Another work on view is “The Cosmos Record,” a turntable covered with crystals (“the visualization of sound,” says Ted) that is constantly spinning under a camera which projects the work onto a screen on the opposite end of the room, where the performers record, creating a kind of visual loop in the space.
Near the stage is where Riederer mans the laptop for mixing and the lathe that cuts the records, which are created on clear PVC plastic. He carefully explains the process to participants and observers – sometimes with drawings – who have varied greatly around the world.
In Jordan, oddly enough, he recorded a Japanese opera singer, but the high point there was when a group of Sudan refugees from the Fur tribe showed up “dressed to the nines, but very shy and cautious.” Ted recalled that “the session began very formally, but as the music took over they let their guard down.” When he played their recording back, everyone, including Riederer, was dancing in the shop.
“It was one of those crystalline moments where I knew there was nothing I’d rather be doing and nowhere else I’d rather be,” said Riederer.
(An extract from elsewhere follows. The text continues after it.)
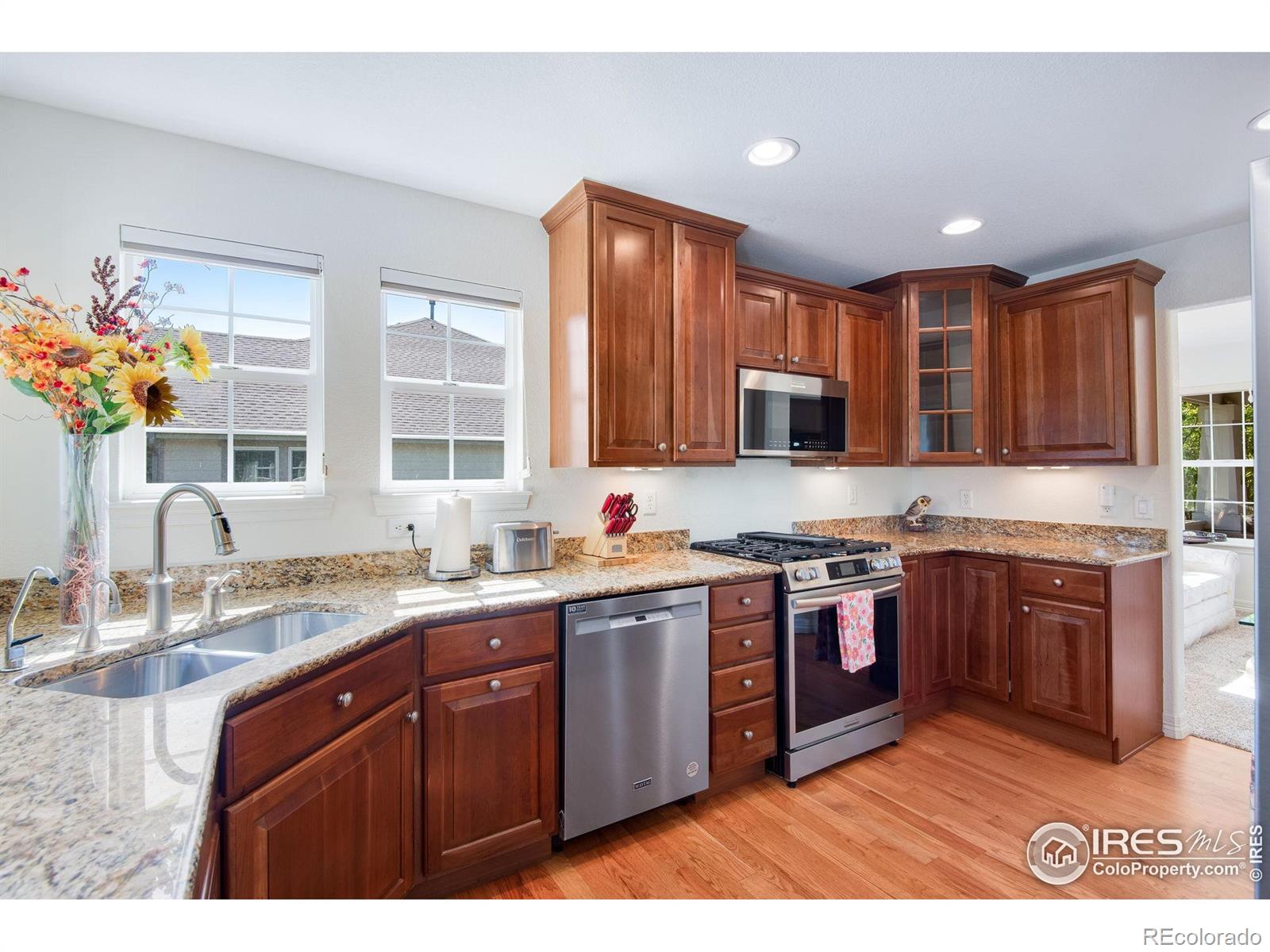 MLS Image #16 for 8305 e 149th drive,thornton, Colorado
An even more worldly performance came at the request of a man in Kansas City whose father had passed away. His siblings were scattered around the world, so Ted made calls to Sardinia, Switzerland and Mexico so that he could record each of them singing the lullaby that their father used to sing to them. The recordings were then blended together to form a “gorgeous global lullaby.”
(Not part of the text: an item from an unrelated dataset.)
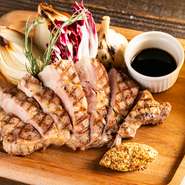 300g 2480円
450g 3480円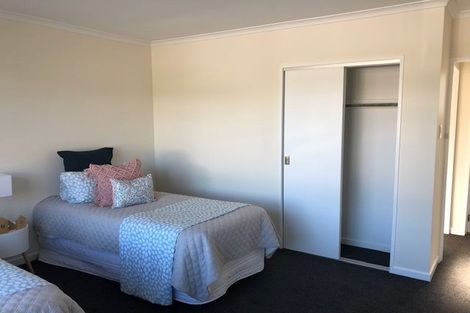 Photo of property in 66a Wayside Road, Te Kauwhata, 3782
Closer to home, there have already been a variety of performers recorded at BAM. Performance artist Jorge Clar re-enacted his piece “Dishwashing Meditation,” where he explains how he uses his time at the sink in a positive way.
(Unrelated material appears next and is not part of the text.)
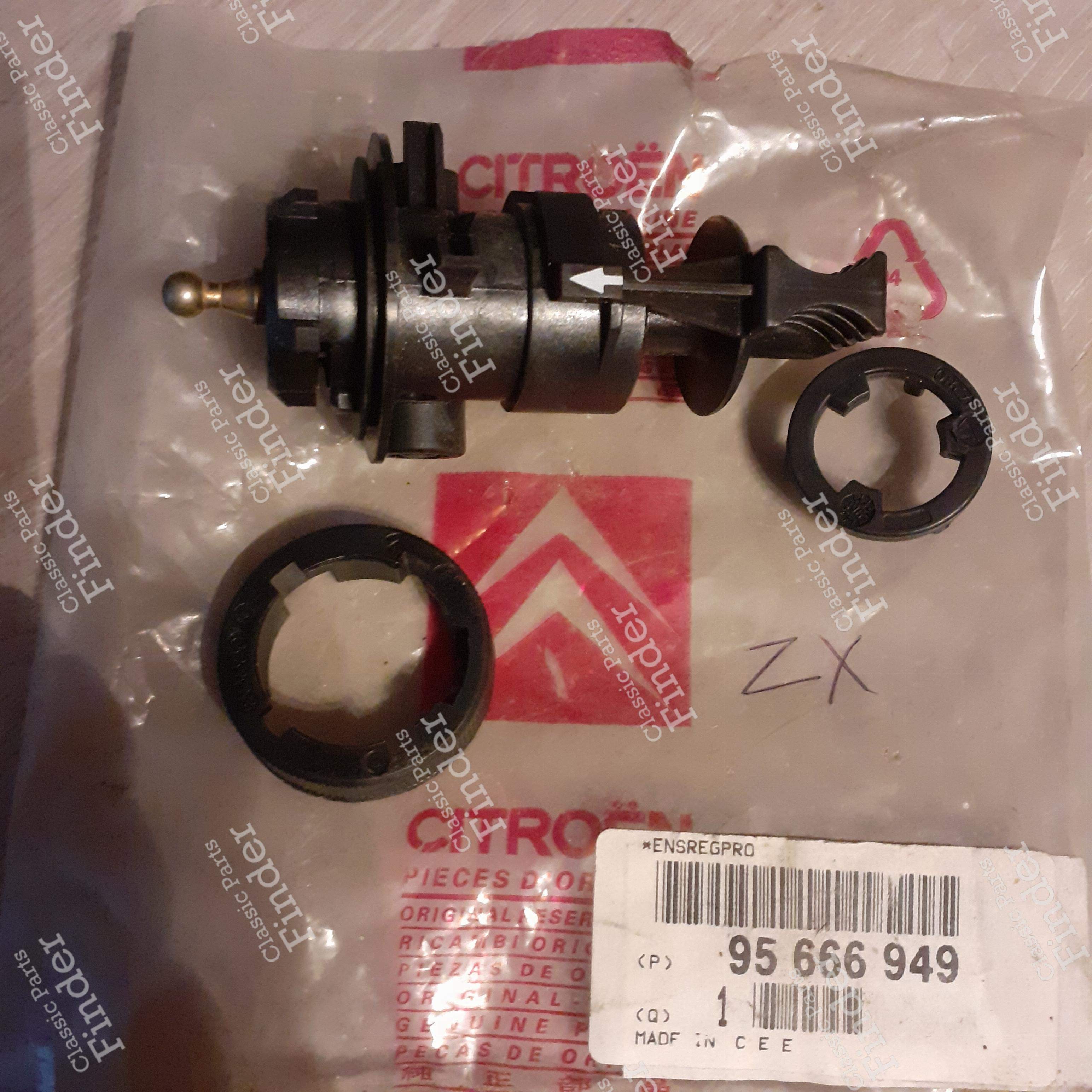 42d98fdb-d65e-425b-9dcd-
“Participating in Ted’s ‘Never Records’ project was a dream come true,” Clar said. “It became a ritual within a ritual. As a collector of vinyl records and fan of analog recording, the process was wonderful for me. And what an honor to be a part of Ted’s show!”
Aaron Morell, who described himself as a writer, housepainter and amateur musician, brought his eight year-old daughter Mackenzie along to perform an original tune titled “Little Timmy and the Big Cherry.” Morell started writing the song 17 years ago, “but this was the impetus to finish the song.”
He got a good review from his young singing partner, who said that she “likes the song because it’s funny.” And she nodded and smiled when her dad proclaimed that it was “a pretty cool experience.”
“Today was special,” Ted noted, “having a father and daughter make a record.” It might be difficult for a generation that grew up on CD’s and MP3’s to understand, but there are a lot of people who see the classic LP as something special. Riederer, who started playing in bands when he was thirteen, fondly recalls the record store in Maryland that he hung out in religiously – “Yesterday and Today” – as the place where he “learned to be a human being.”
“Because the draw here is vinyl, some people come out of curiosity. But for a lot of people the dream is to be on vinyl. It’s not about fame, it’s about art.” And he doesn’t have a problem with the fact that he is creating a very limited edition for each session. “I like precious objects,” he says.
Riederer hopes to continue making those objects for as long as people are interested. He’s planning for the next location to be in Israel and he still hopes that some of the places that have fallen through in the past – in Mexico, Liberia, Ecuador, India – will come through.
“The reason for the longevity of the project is that despite all the division and negative rhetoric, people still want to hear the words and music of others. If no one cared about listening to other people, I wouldn’t have been able to do this for ten years. “
And he manages to do it without corporate sponsorship. He turned down a lot of money from Samsung with no regrets, for example. “I have a day job at an awesome gallery (Howl Happening),” he explained. “I want to keep my art free of corrupting influence.”
“Never Records is a crazy, magical thing,” he says, smiling. “I’ve had the best decade of anyone I know.”